On Mon, Apr 05, 2021 at 04:18:58PM +0000, Al Viro wrote:
> On Mon, Apr 05, 2021 at 01:44:37PM +0200, Christian Brauner wrote:
> > On Sun, Apr 04, 2021 at 08:17:21PM +0000, Al Viro wrote:
> > > On Sun, Apr 04, 2021 at 06:50:10PM +0000, Al Viro wrote:
> > > 
> > > > > Yeah, I have at least namei.o
> > > > > 
> > > > > https://drive.google.com/file/d/1AvO1St0YltIrA86DXjp1Xg3ojtS9owGh/view?usp=sharing
> > > > 
> > > > *grumble*
> > > > 
> > > > Is it reproducible without KASAN?  Would be much easier to follow the 
> > > > produced
> > > > asm...
> > > 
> > >   Looks like inode_permission(_, NULL, _) from may_lookup(nd).  I.e.
> > > nd->inode == NULL.
> > 
> > Yeah, I already saw that.
> > 
> > > 
> > >   Mind slapping BUG_ON(!nd->inode) right before may_lookup() call in
> > > link_path_walk() and trying to reproduce that oops?
> > 
> > Yep, no problem. If you run the reproducer in a loop for a little while
> > you eventually trigger the BUG_ON() and then you get the following splat
> > (and then an endless loop) in [1] with nd->inode NULL.
> > 
> > _But_ I managed to debug this further and was able to trigger the BUG_ON()

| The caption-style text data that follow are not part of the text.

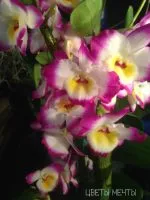 Hogyan juthat egy orchidea virágzik, miért nem virágzó orchidea virágok álom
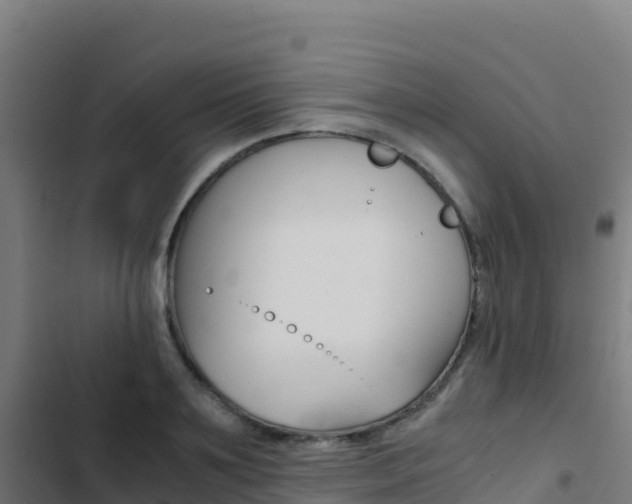 X0000103450891200809121123
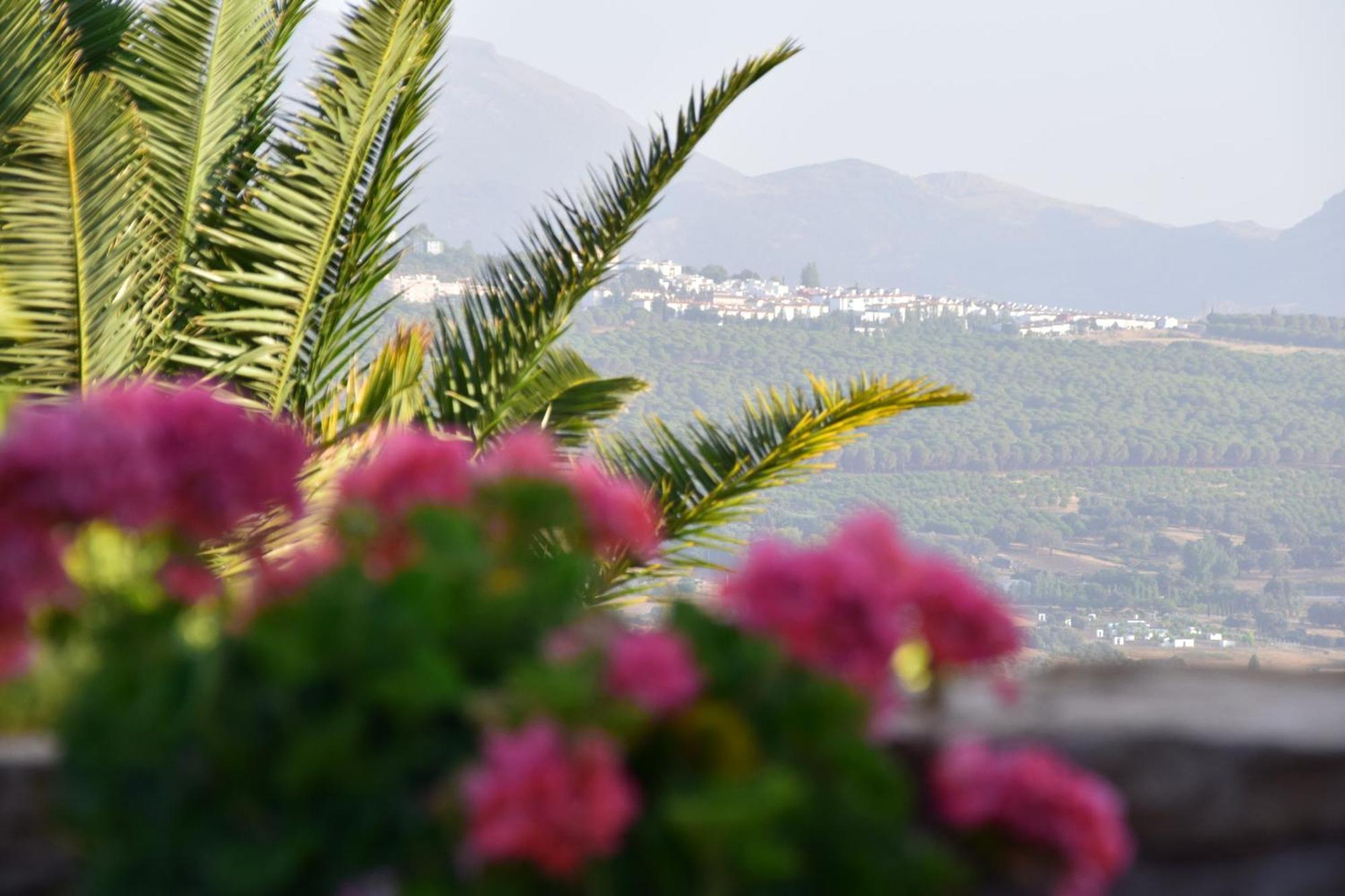 Villa Casa Alta Ρόντα Εξωτερικό φωτογραφία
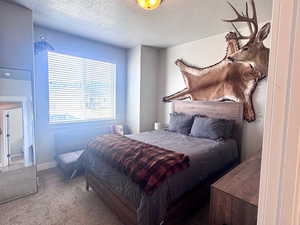 Bedroom featuring carpet floors and a textured ceiling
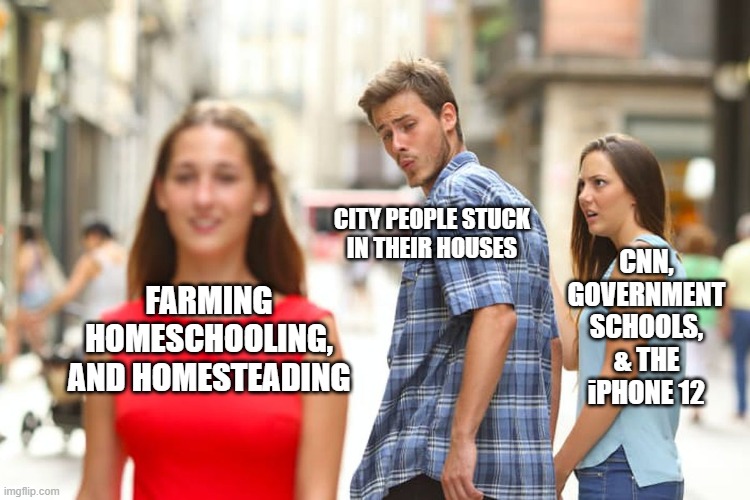 Distracted Boyfriend | CITY PEOPLE STUCK
IN THEIR HOUSES; CNN, GOVERNMENT
SCHOOLS, & THE iPHONE 12; FARMING
HOMESCHOOLING,
AND HOMESTEADING | image tagged in memes,distracted boyfriend | made w/ Imgflip meme maker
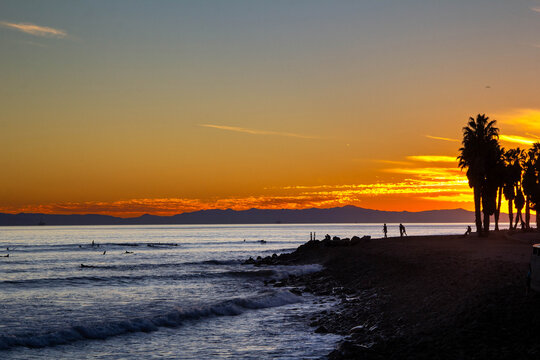 Surfers and palm trees at sunset on a rocky California coastline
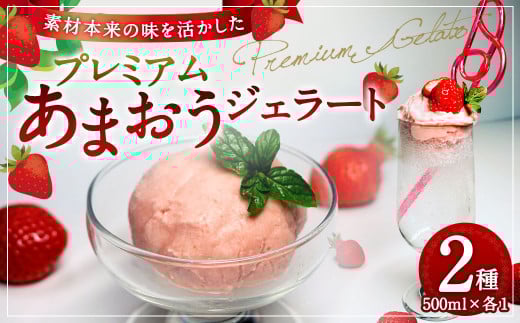 プレミアムあまおうジェラート 2種セット 500ml×2個 アイス シャーベット いちご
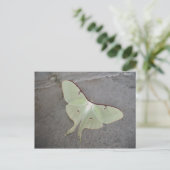 Carte Postale Luna moth gris arrière - plan (Debout devant)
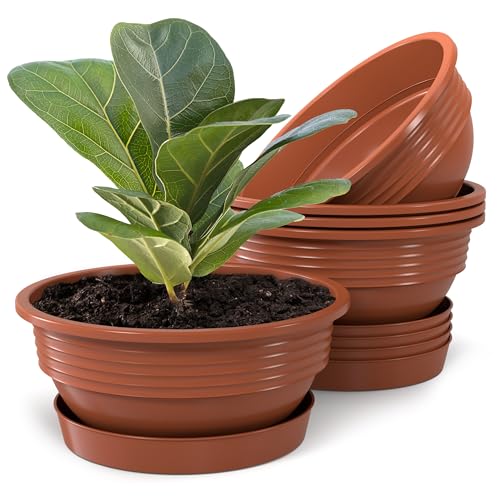 Pflanzschale mit Untersetzer im 5er Set in Terrakotta 25 cm Durchmesser große runde Blumenschalen aus Kunststoff für Garten Terrasse Wohnung für Aussen und Innen Schalen Pflanztopf von Plastard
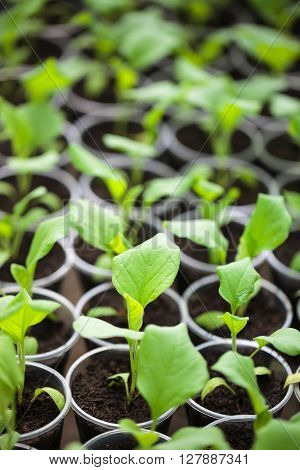 Green Seedlings Grown In A Row In Hothouse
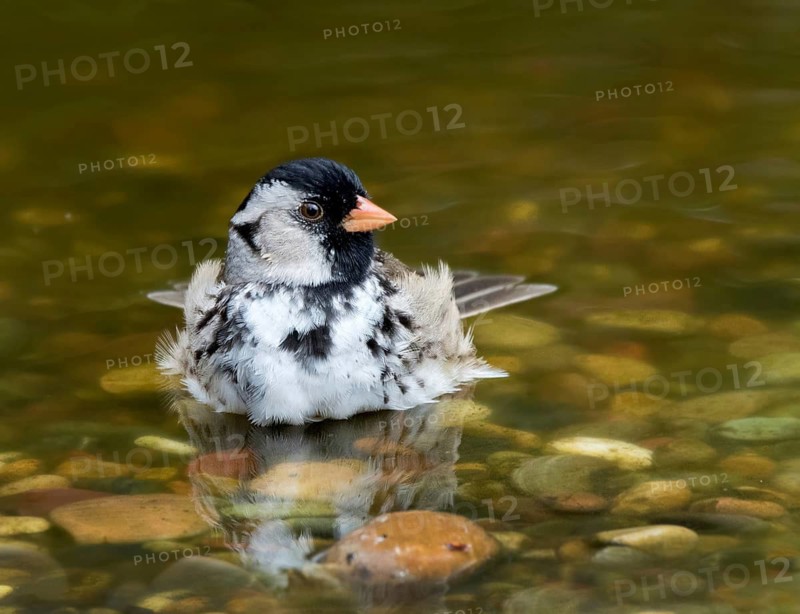 Harris's Sparrow, Zonotrichia querula, bathes in a backyard pond in Saskatoon, Saskatchewan, Canada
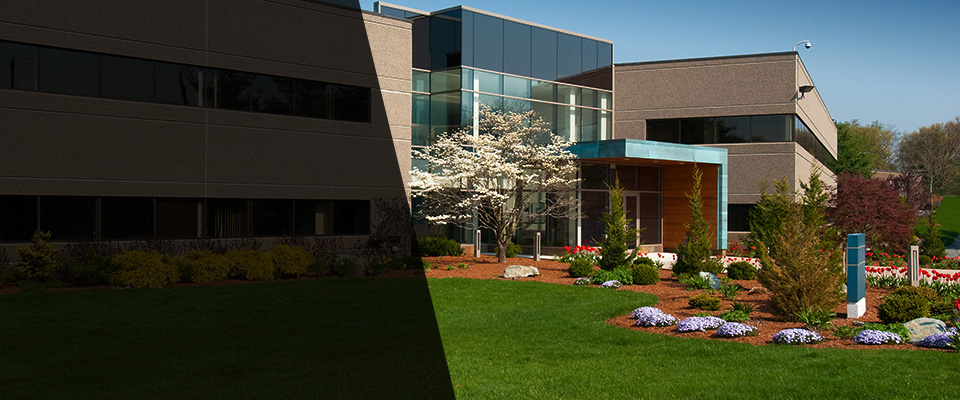 Ovid Landscapers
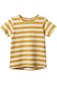 Nature Baby River Tee - Golden Sea Stripe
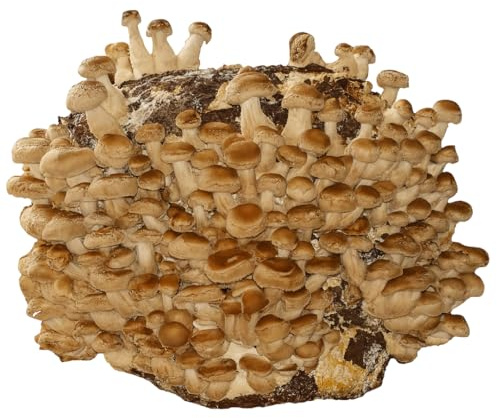 Hawlik Pilzbrut - 3 KG BIO Shiitake Kultur zum selber züchten XXL – kinderleicht Shiitake Pilze anbauen und ernten – komplettes Pilzzuchtset – fertige Pilzkultur für zuhause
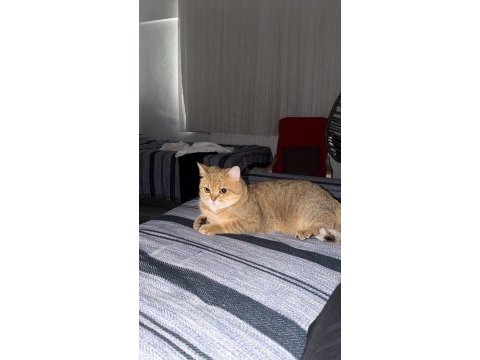 Ömürlük yuva 3 yaşında kısır kedimiz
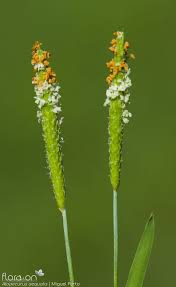 Attēlu rezultāti vaicājumam “Alopecurus aequalis leaf”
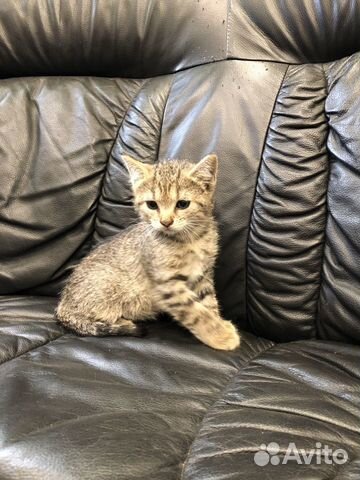 Веселые котята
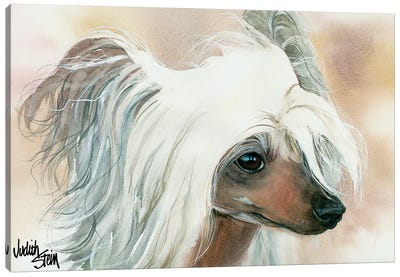 Bad Hair Day - Chinese Crested Canvas Art Print - Judith Stein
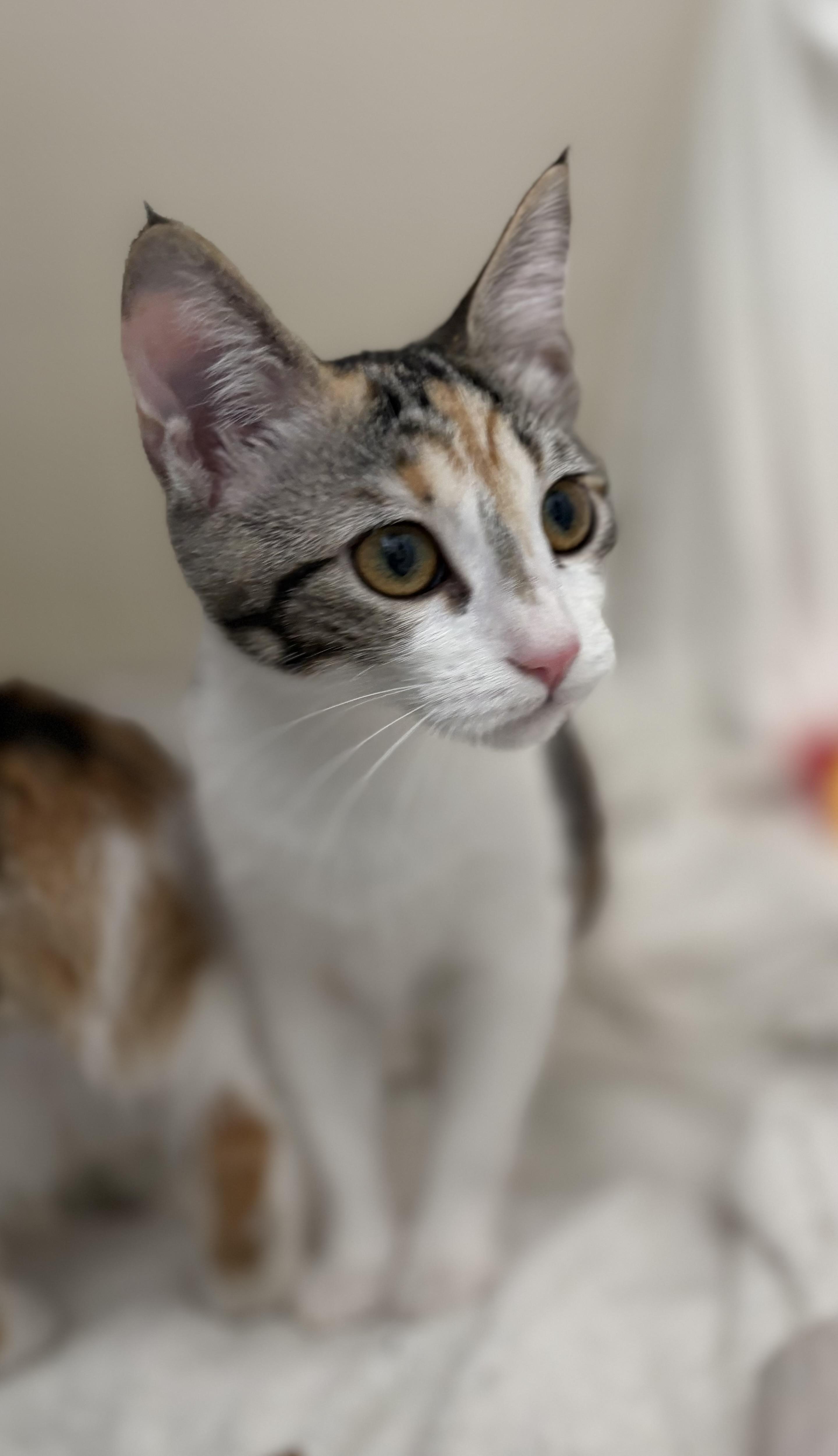 Flash, a ADOPTABLE mixed breed in Brooksville, FL image 3/5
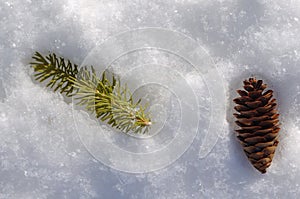 Spruce Branch and Pine Cone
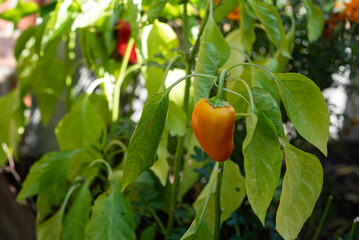 Young sweet peppers on a branch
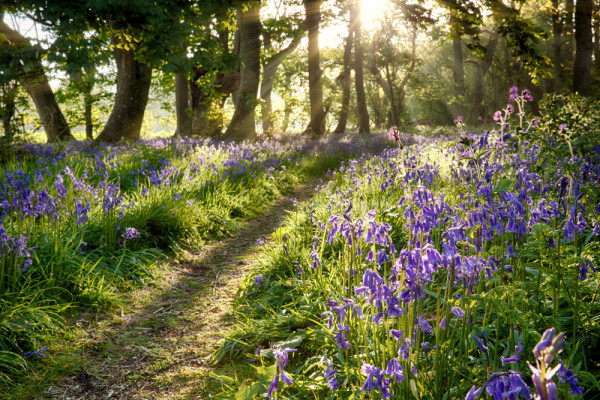 Akustikbild WALD LAVENDEL 2 aus Materialmix
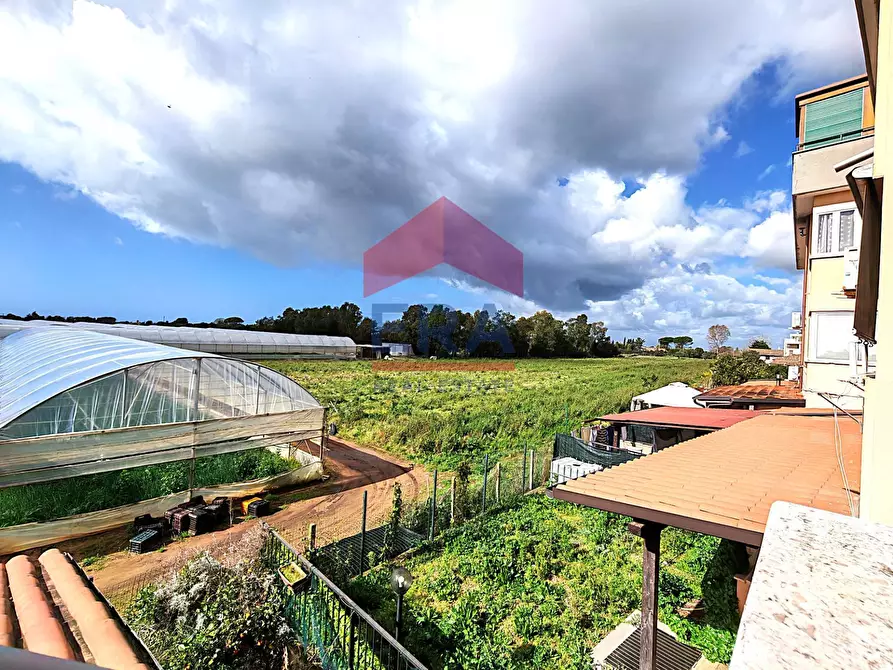 Immagine 27 di Appartamento in vendita  in Via Taglio delle Cinque Miglia 11 a Nettuno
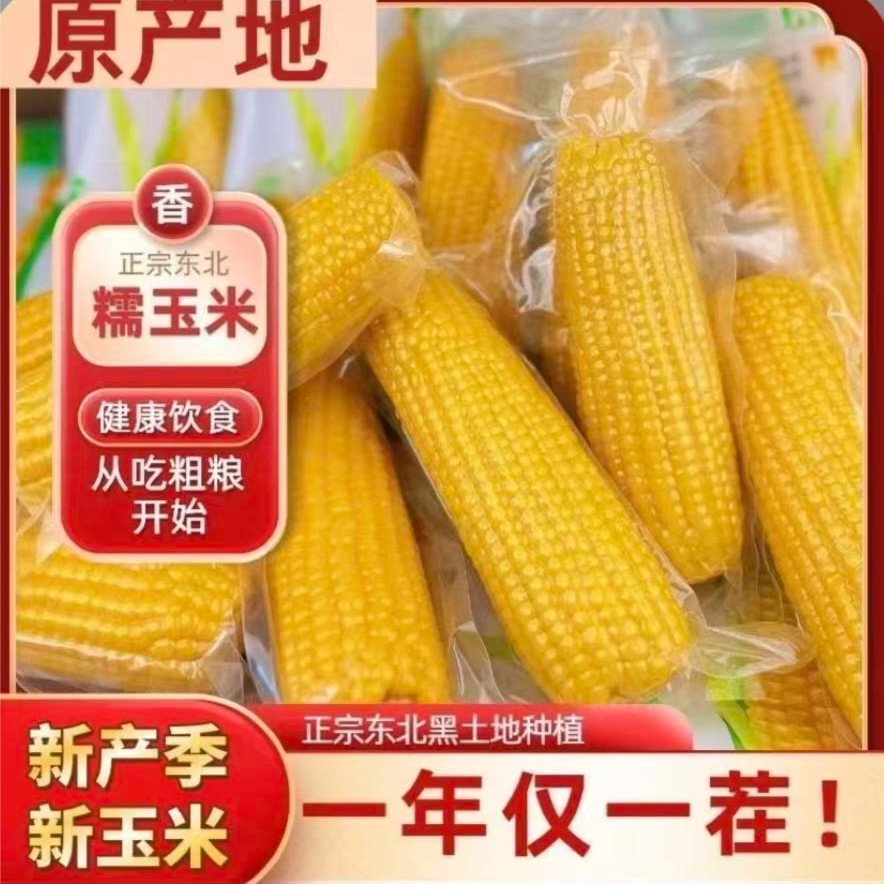 25年东北黄糯玉米真空锁鲜软糯单根280 - 320g大棒CA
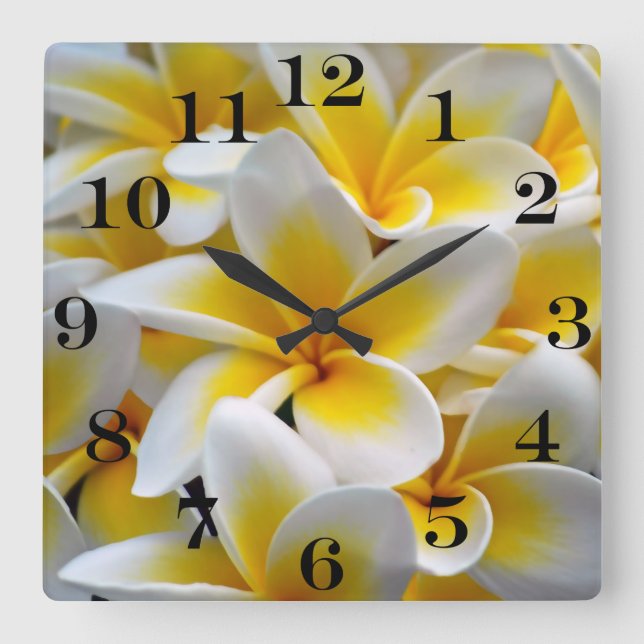 Frangipaniplumeria-Blumen-Foto Quadratische Wanduhr (Vorderseite)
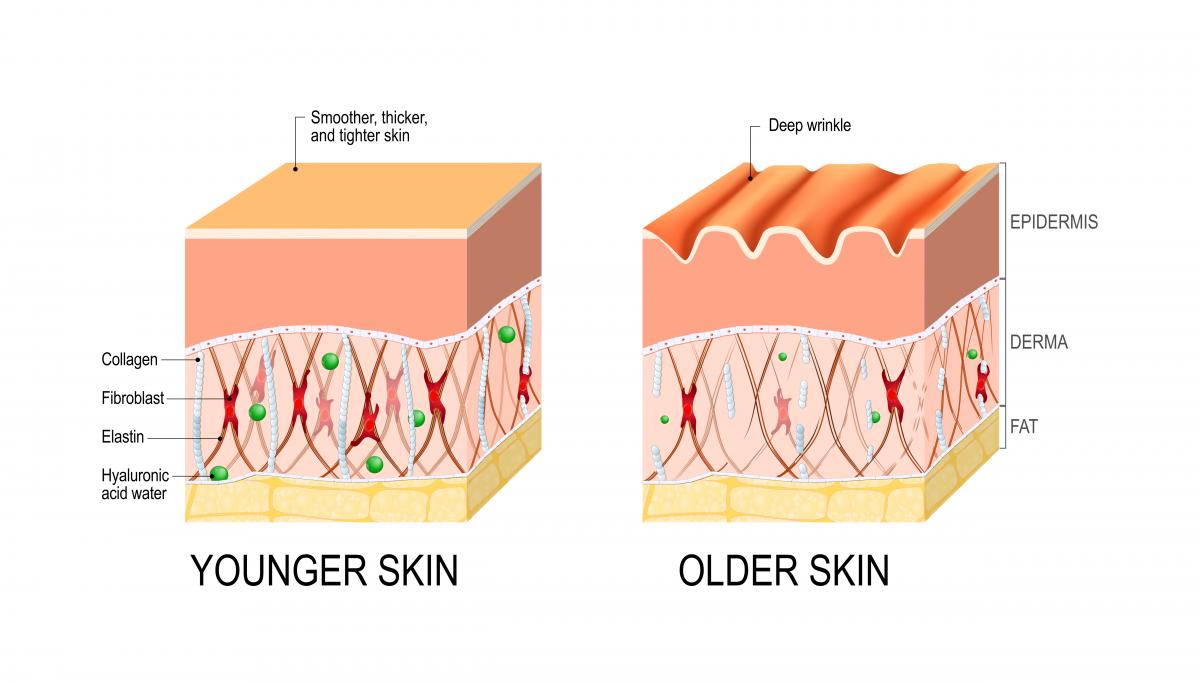 l-glutamine skin benefits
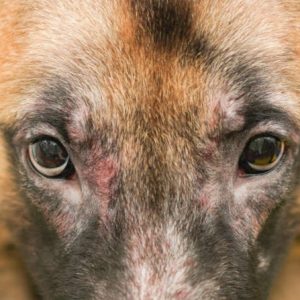 un chien qui perd ses poils autour des yeux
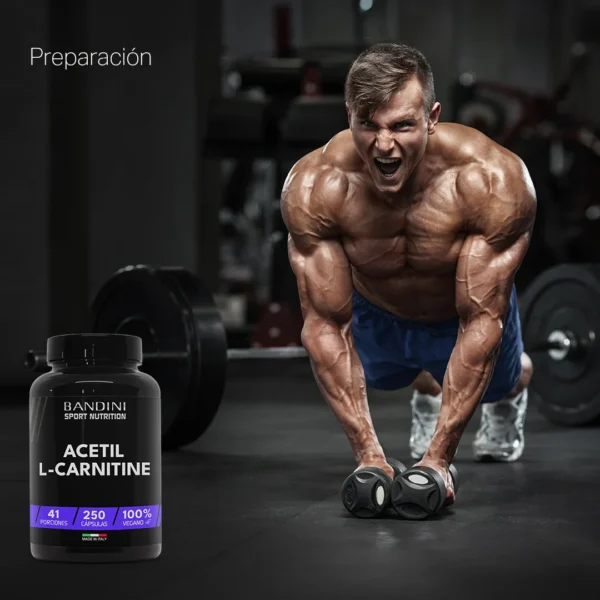 Suplemento de Acetil L-Carnitina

> > directly in path_init() in the AT_FDCWD branch (after all its 
> > AT_FDCWD(./file0)
> > with the patch in [3] (it's in LOOKUP_RCU) the corresponding splat is in 
> > [2].
> > So the crash happens for a PF_IO_WORKER thread with a NULL nd->inode for the
> > PF_IO_WORKER's pwd (The PF_IO_WORKER seems to be in async context.).
> 
> So we find current->fs->pwd.dentry negative, with current->fs->seq sampled
> equal before and after that?  Lovely...  The only places where we assign
> anything to ->pwd.dentry are
> void set_fs_pwd(struct fs_struct *fs, const struct path *path)
> {
>         struct path old_pwd; 
> 
>         path_get(path);
>         spin_lock(&fs->lock);
>         write_seqcount_begin(&fs->seq);
>         old_pwd = fs->pwd;
>         fs->pwd = *path;
>         write_seqcount_end(&fs->seq);
>         spin_unlock(&fs->lock);
> 
>         if (old_pwd.dentry)
>                 path_put(&old_pwd);
> }
> where we have ->seq bumped between dget new/assignment/ dput old,
> copy_fs_struct() where we have
>                 spin_lock(&old->lock);
>                 fs->root = old->root;
>                 path_get(&fs->root);
>                 fs->pwd = old->pwd;
>                 path_get(&fs->pwd);
>                 spin_unlock(&old->lock);
> fs being freshly allocated instance that couldn't have been observed
> by anyone and chroot_fs_refs(), where we have
>                         spin_lock(&fs->lock);
>                         write_seqcount_begin(&fs->seq);
>                         hits += replace_path(&fs->root, old_root, new_root);
>                         hits += replace_path(&fs->pwd, old_root, new_root);
>                         write_seqcount_end(&fs->seq);
>                         while (hits--) {
>                                 count++;
>                                 path_get(new_root);
>                         }
>                         spin_unlock(&fs->lock);
> ...
> static inline int replace_path(struct path *p, const struct path *old, const 
> struct path *new)
> {
>         if (likely(p->dentry != old->dentry || p->mnt != old->mnt))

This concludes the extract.